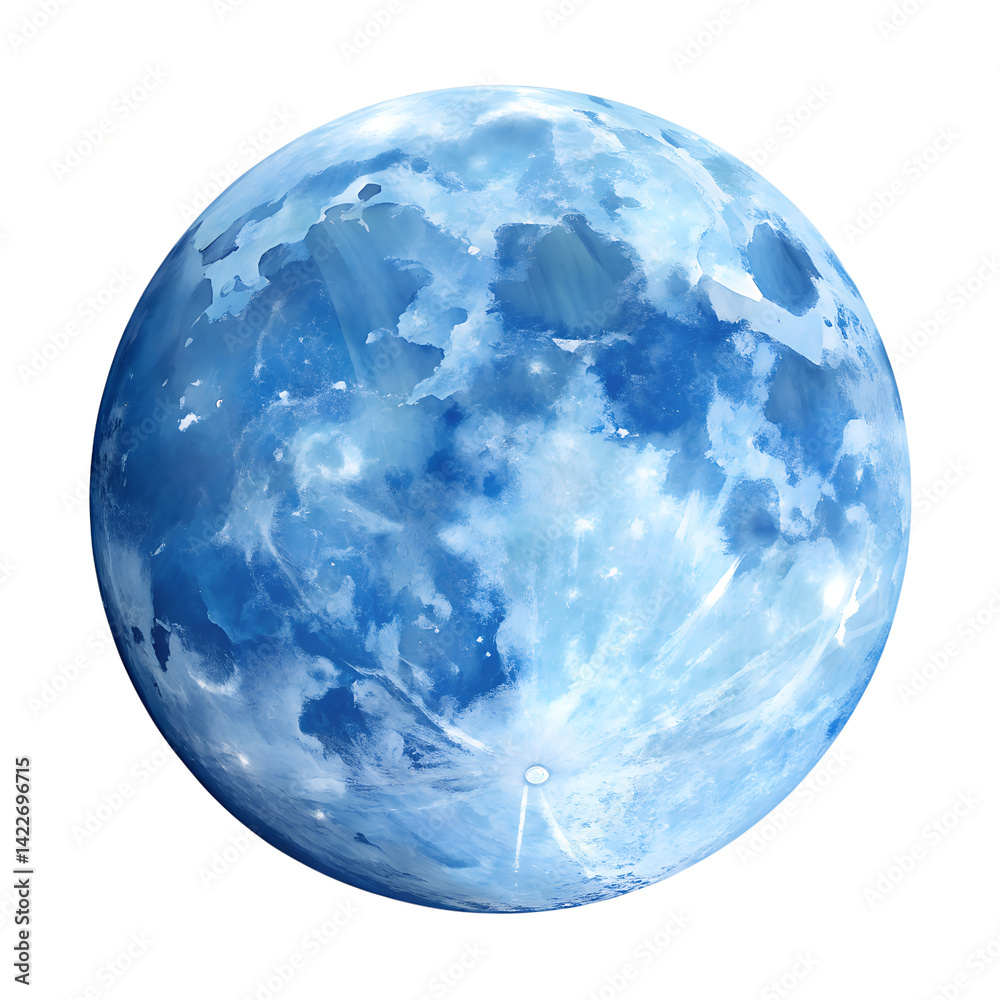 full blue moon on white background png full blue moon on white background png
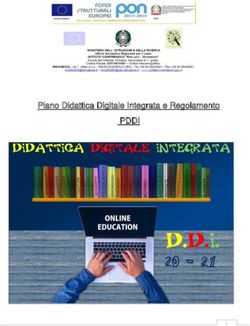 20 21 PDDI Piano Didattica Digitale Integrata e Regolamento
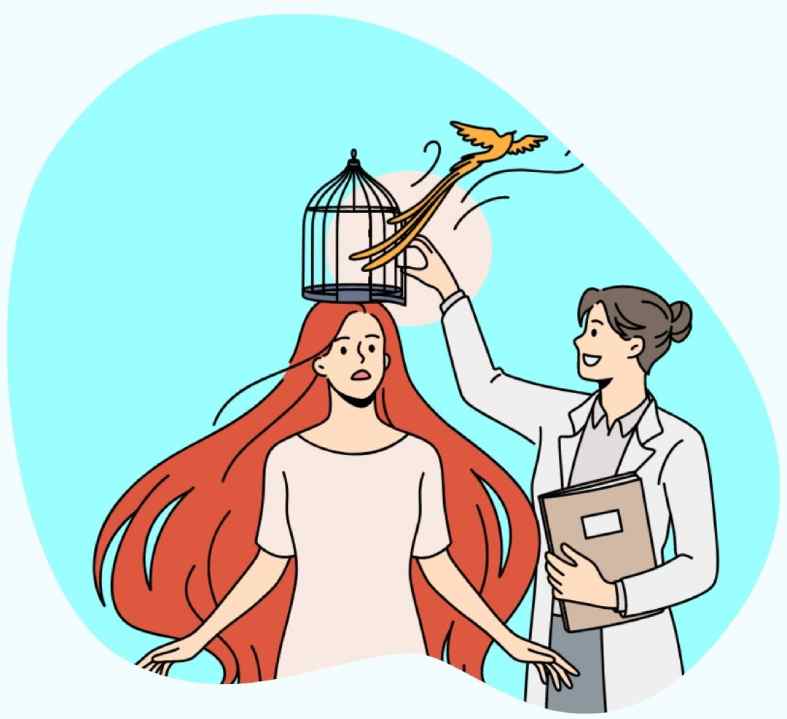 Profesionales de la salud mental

=== What is needed ===
Please reprint the whole listing exactly and omit its pictures.

=== Response box ===
 full blue moon on white background png full blue moon on white background png
 20 21 PDDI Piano Didattica Digitale Integrata e Regolamento
 Profesionales de la salud mental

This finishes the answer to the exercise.